◆ **COLLECTED DATA**
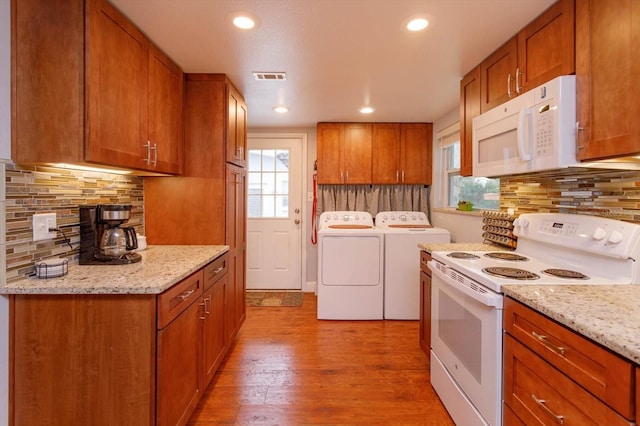 kitchen with white appliances, light wood-type flooring, plenty of natural light, and washing machine and clothes dryer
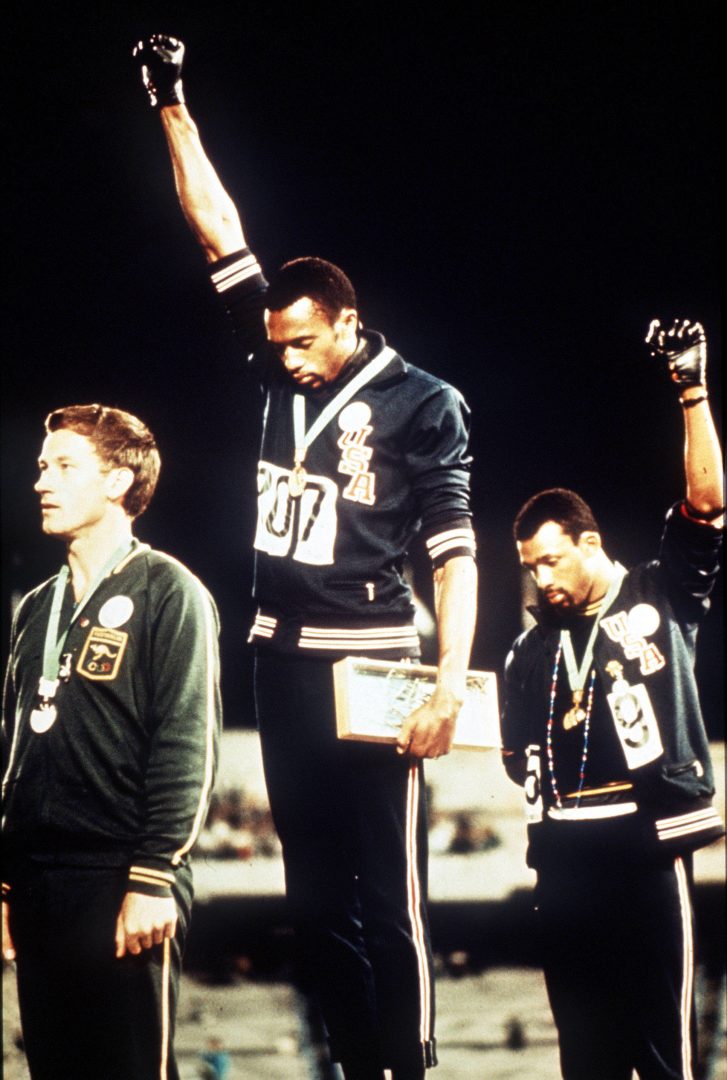 1968 Olympic Games, Mexico City, Mexico, Men's 200 Metres Final, USA gold medallist Tommie Smith (C) and bronze medallist John Carlos give the black power salutes as an anti-racial protest as they stand on the podium with Australian silver medallist Peter Norman 
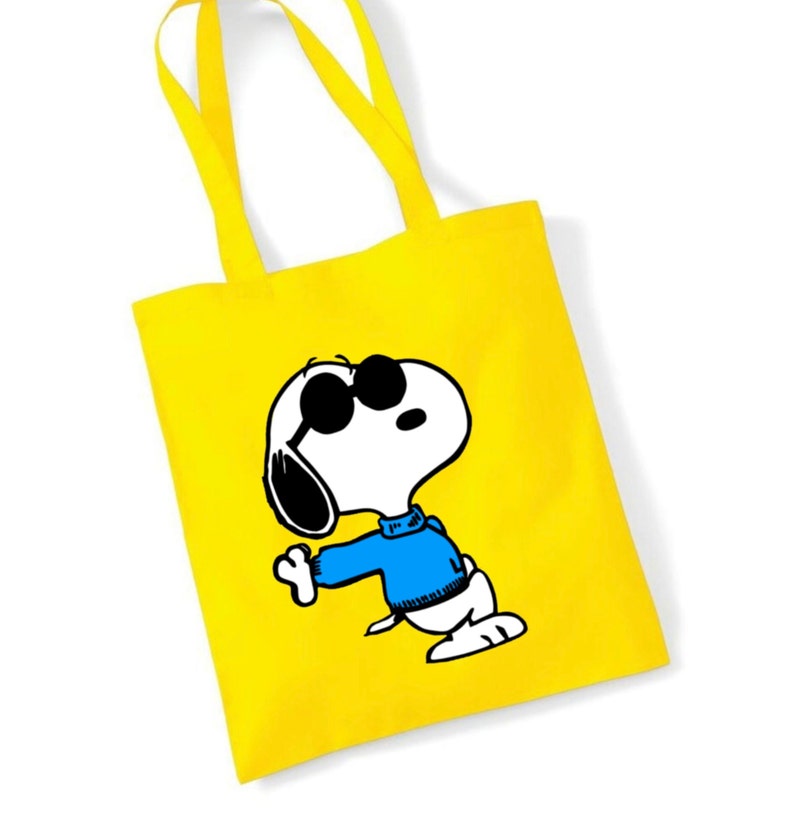 K&ouml;nnte beinhalten: Gelbe Einkaufstasche mit einem Cartoon-Bild von Snoopy, der eine Sonnenbrille und einen blauen Pullover tr&auml;gt.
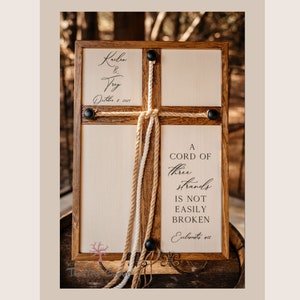 May include: Wooden framed sign with a cross design. The sign features the names "Kailen & Trey" and the date "October 1, 2021". The text "A cord of three strands is not easily broken" is also displayed. Decorative rope and black hardware complete the design.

◆ **TASK STATEMENT**
From the line containing "K&ouml;nnte beinhalten: Gelbe" down to the final line of the listing above, write out only those lines exactly as they are, minus the pictures.

◆ **ANSWER SECTION**
 K&ouml;nnte beinhalten: Gelbe Einkaufstasche mit einem Cartoon-Bild von Snoopy, der eine Sonnenbrille und einen blauen Pullover tr&auml;gt.
 May include: Wooden framed sign with a cross design. The sign features the names "Kailen & Trey" and the date "October 1, 2021". The text "A cord of three strands is not easily broken" is also displayed. Decorative rope and black hardware complete the design.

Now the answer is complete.